SENDIRI - DAMAI - BERDAMAI

Source
Malam sepertinya telah menjadi teman bagi sebagian orang, juga aku. Diamnya tak pernah membuat kikuk, justru menjadi saksi bisu – bagi hal-hal yang mungkin hampir sulit aku jumpai selain pada malam yang selalu mengingatkan bahwa akhirnya aku sendiri.
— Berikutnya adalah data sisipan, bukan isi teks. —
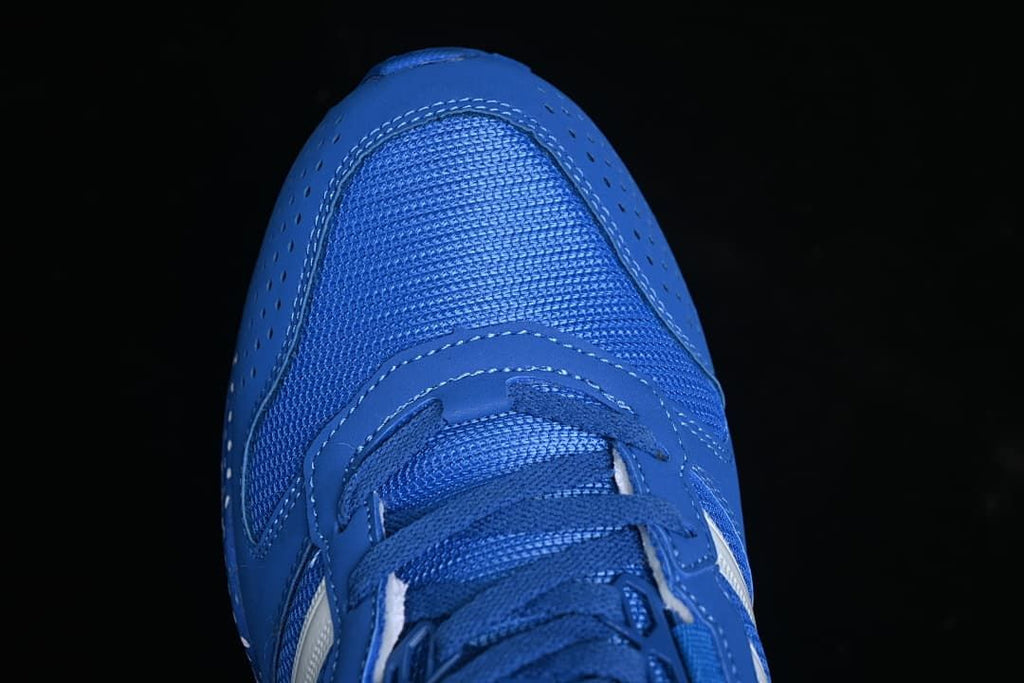 Top view of the mesh toe and lace-up front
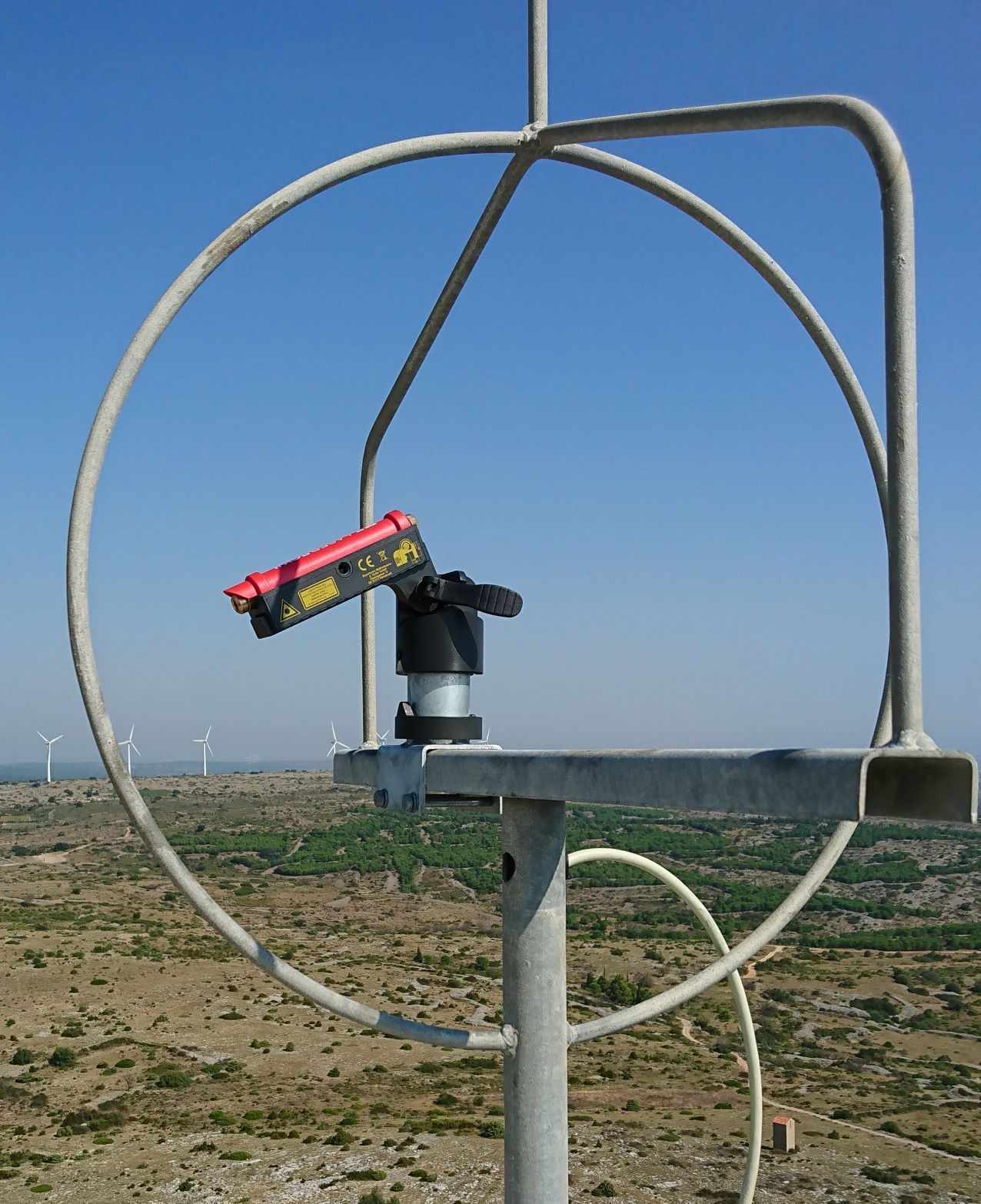 使用校准环和激光校准工具安装在风涡轮机上的FT742-DM超声波风传感器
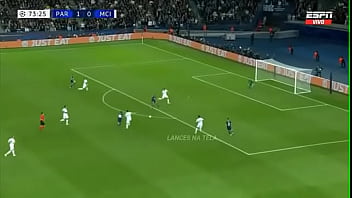 Psg fudendo o city com trio mmn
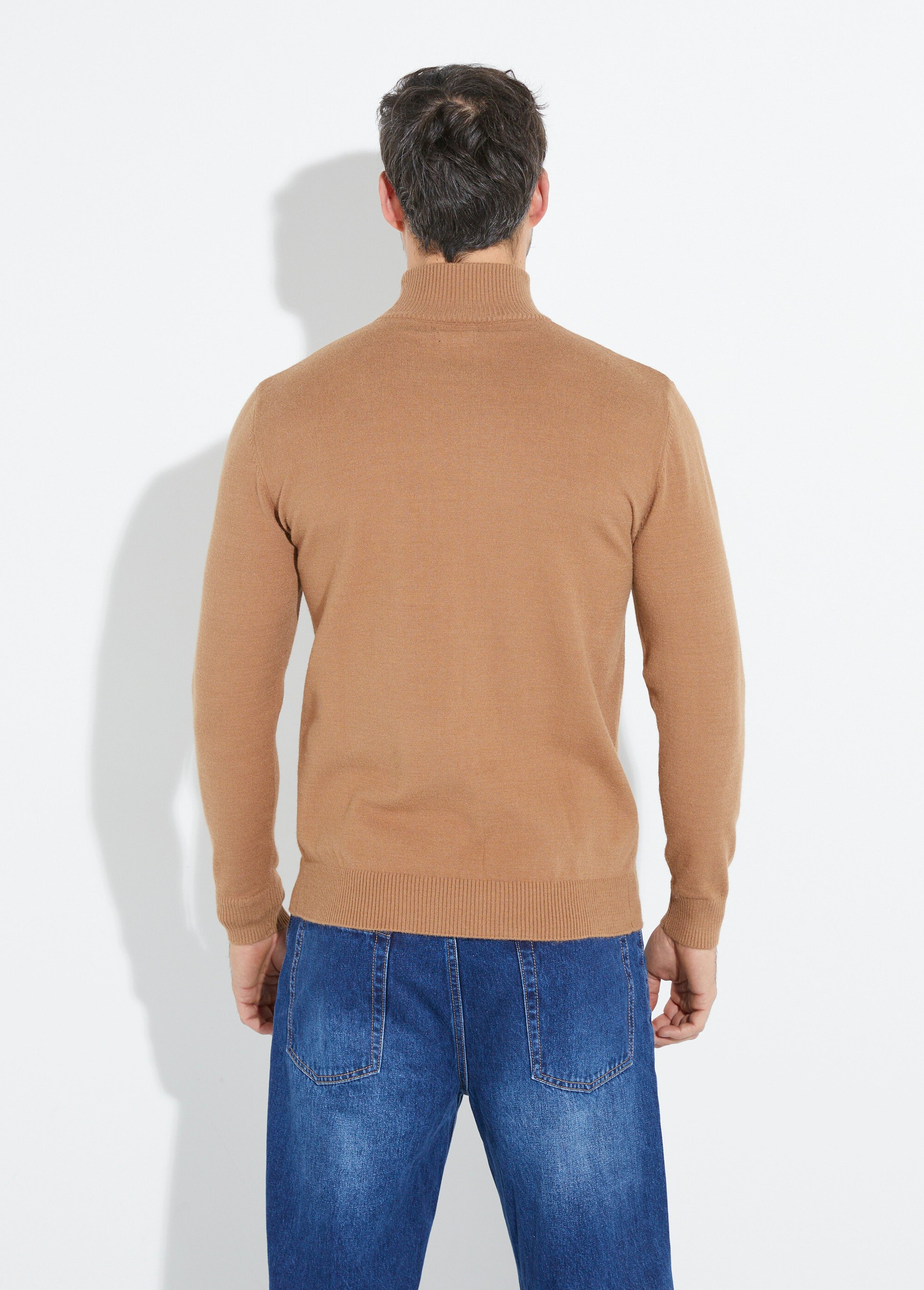 Pull col montant toucher cachemire Homme Marron YVES6735Y DO1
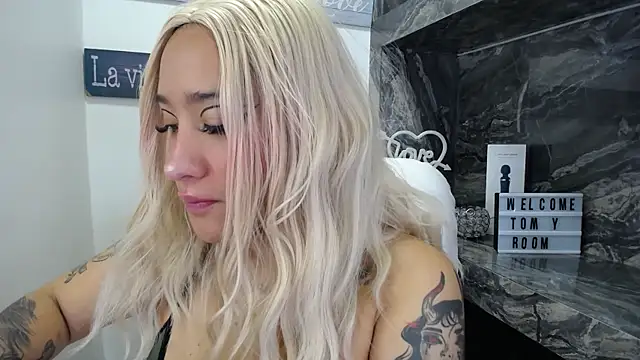 miss danika online show from 10.06.25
Menjadi sendiri mungkin merupakan beberapa di antara hal-hal yang paling ditakutkan orang kebanyakan. Takut hilang dalam kerumunan, takut tidak mendapat kasih sayang atau se-sederhana takut akan dirinya sendiri. Tapi, apakah alasan itu bisa diterima? Mungkin bisa bagi sebagian kalangan, seperti aku yang takut menjadi sendiri - tanpa keluarga, teman atau pasangan. Apakah benar menjadi sendiri selalu se-menyeramkan itu? Atau mungkin kita yang terlalu terbiasa membuat harapan-harapan yang mendorong sugesti bahwa sendiri itu tidak menyenangkan? Ah, aku terlalu banyak menggunakan kata mungkin untuk menerka-nerka probabilitas yang juga mungkin sebenarnya tidak bisa digeneralisir dalam hal ini.
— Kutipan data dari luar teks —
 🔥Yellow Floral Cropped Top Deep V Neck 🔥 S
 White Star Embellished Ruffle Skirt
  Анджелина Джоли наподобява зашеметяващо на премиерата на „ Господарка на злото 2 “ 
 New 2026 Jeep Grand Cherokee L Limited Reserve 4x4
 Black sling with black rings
Hari ini, aku sedang mencoba berdamai dengan diri sendiri, berdamai dengan jawaban bahwa aku tidak akan pernah selalu bersama-sama dengan orang lain, termasuk dengan mereka yang disebut keluarga. Berdamai memang tidak pernah mudah – berdamai dengan kenyataan, berdamai dengan orang lain yang berbeda atau berdamai dengan diri sendiri. Memang tidak pernah mudah, setidaknya tidak bagiku. Tapi, tidak mudah bukan berarti tidak mungkin, setidaknya kata-kata itu yang dapat menjaga optimisme untuk percaya bahwa berdamai dengan kesendirian adalah kemungkinan yang mungkin.
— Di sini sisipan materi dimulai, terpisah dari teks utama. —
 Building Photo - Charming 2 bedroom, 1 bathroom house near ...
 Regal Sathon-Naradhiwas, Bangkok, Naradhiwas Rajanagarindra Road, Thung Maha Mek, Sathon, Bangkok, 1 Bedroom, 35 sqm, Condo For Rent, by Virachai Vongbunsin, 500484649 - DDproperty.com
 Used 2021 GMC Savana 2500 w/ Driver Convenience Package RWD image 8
Berdamai dengan diri sendiri merupakan fase yang paling berat bagiku, mungkin juga bagi sebagian orang. Bukan karena aku merupakan sosok yang keras kepala atau arogan, hingga dirinya sendiri tidak bisa berjalan bersebelahan. Bukan, bukan itu, justru karena aku telah melewati fase yang lainnya – yang mungkin juga sama-sama beratnya – seperti berdamai dengan kenyataan bahwa aku telah kehilangan ayah, berdamai dengan kenyataan bahwa sebenarnya aku telah kehilangan sosoknya bertahun-tahun sebelum ia tiada. Kemudian berdamai dengan kenyataan bahwa hidup tidak lagi semudah sebelumnya, bahwa aku harus bergelut dengan “kehidupan yang sebenarnya” dalam waktu yang tiba-tiba. Mungkin aku terkesan tidak bersyukur atau bahkan terkesan seperti anak manja. Ya, tapi begitulah caraku berdamai, dengan menerima dan terus menjalani hidup serta bersyukur bahwa hidupku tidak sesulit sebagian orang di luar sana. Atau mungkin bisa se-sederhana berdamai dengan menyadari bahwa beberapa orang berbeda dan hampir sulit bila kita mengharuskan ada dalam posisi mereka atau sebaliknya.

Tapi tetap, berdamai dengan diri sendiri merupakan hal yang tidak mudah, tidak sampai saat ini. Berdamai bahwa saat ini aku masih sendiri, bahwa terkadang aku ingin kembali – kepada saat-saat yang dulu justru menyakiti walaupun tidak sedang sendiri dan bahwa beberapa teman datang dan pergi. Dan pada akhirnya, aku harus tetap berdamai dengan diri sendiri, bukan karena aku harus tapi karena aku mau. Mungkin memang aku takut sendiri, takut ditinggalkan, takut tidak ada yang menemani atau takut rindu akan hal remeh-temeh seperti memiliki pasangan.

Pada akhirnya juga, aku menemukan bahwa ternyata sendiri tidak se-menakutkan itu. Seperti malam ini aku yang sendiri tapi justru dapat berbagi. Aku memang sendiri, tapi sebenarnya aku tidak pernah benar-benar sendiri. Setidaknya tidak karena aku ditemani suara jangkrik, suara dari televisi dan sesekali suara angin yang menyapa dedaunan di luar rumah. Sebenarnya aku tidak pernah benar-benar sendiri, setidaknya tidak karena pikiranku berkata demikian. Setidaknya tidak karena begitulah caraku berdamai dengan kesendirian.